Each serial dilution requires one mL of the previous solution to be diluted to 100 mL. That means that each dilution will contain 1/100th of the number of molecules of sulfuric acid as the solution before it. Here’s a table of some dilutions of sulfuric acid and the number of molecules that a 50 mL bottle of each would (on average) contain.

Dilution Number of molecules in 50 mL
1C 5.68 times 1021
2C 5.68 times 1019
6C 5.68 times 1011
11C 56.8
12C 0.568
24C 5.68 times 10-23
30C 5.68 times 10-37

To put this in perspective, even the most concentrated (1C) dilution of sulfuric acid contains only about half the acid that the same amount of plain vinegar does (and that’s including the fact that sulfuric acid itself has two acidic protons while the acetic acid in vinegar only has one). So the 6C dilution is about 1/20,000,000,000th the strength of plain vinegar.

Another way to look at the numbers is to think about how many bottles of remedy you would have to buy to get a single molecule of sulfuric acid, For the 6C dilution, that’s not a problem – but for the 12C, 24C, and 30C solutions it is! If each bottle of 12C contains on average half a molecule of sulfuric acid, then you’d need to buy two bottles of remedy to be reasonably sure of getting a single molecule of active ingredient. That might not be too expensive, but you’d need about 2 times 1024 bottles of the 24C, and 2 times 1036 bottles of 30C. (Better open your wallet!)

Some homeopaths are at least a little honest about the fact that most of these bottles they sell contain nothing but water and perhaps some alcohol.
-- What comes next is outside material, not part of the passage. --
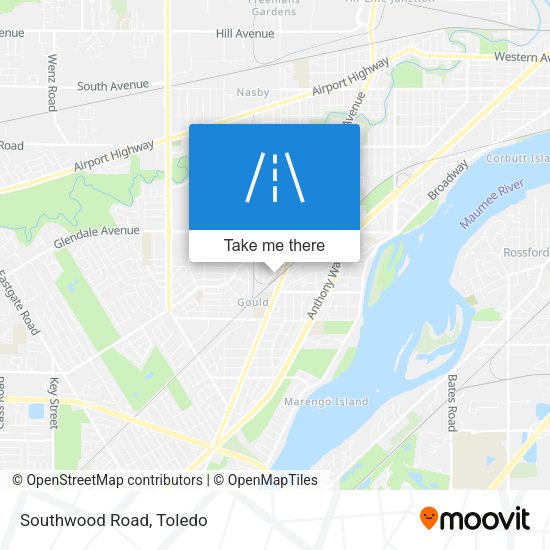 Southwood Road map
Here’s what one web site ( here ) has to say on the matter.

Higher potencies of homeopathic remedies (anything higher than 12C) have been diluted past the point that molecules of the original substance would be measurable in the solution.

It’s not that the substanes aren’t detectable, it’s that quite likely a bottle will simply contain no molecules of the substance. Getting a molecule of the remedy, for the higher dilutions, would be like winning the Powerball. Occasionally, somebody wins – but how many people buy Powerball tickets and get nothing?

This is a major stumbling block for skeptics when it comes to understanding and accepting the idea of homeopathy.

Skeptics being defned as the set people who can do solution calculations?

Homeopathic remedies, when correctly chosen, clearly work—but not in the way that drugs do (through chemical actions that affect the body processes).

Or is it more likely that the most “potent” of the homeopathic medicines do not do anything at all and any “healing” that patients see is a result of the body’s ability to heal itself? Maybe some of this healing is simply the power of persuasion – people are told by a respected authority that thry’ll feel better, so they do.

If I bruise my arm, for instance, I could (if I weren’t very bright) decide that drinking one drop of toilet bowl cleaner dissolved in an eight ounce glass of water each day would make the bruise heal. If I did this, the toilet bowl cleaner probably wouldn’t do me any serious harm, and the bruise would heal in a matter of days. Can I claim that my “homeopathic toiletum bowlium cleanerum remedy” helped my arm to heal?

It is not completely understood why potentized remedies can work so deeply and specifically, but many likely theories have arisen through research and observation. It appears that they function on an energetic level to stimulate the body to heal itself more efficiently.

It is by no means proven that these remedies work at all, but look at the mechanism that is proposed: these remedies, many of which contain nothing at all, “function on an energetic level to stimulate the body”.

We have a name for things like that: the placebo effect.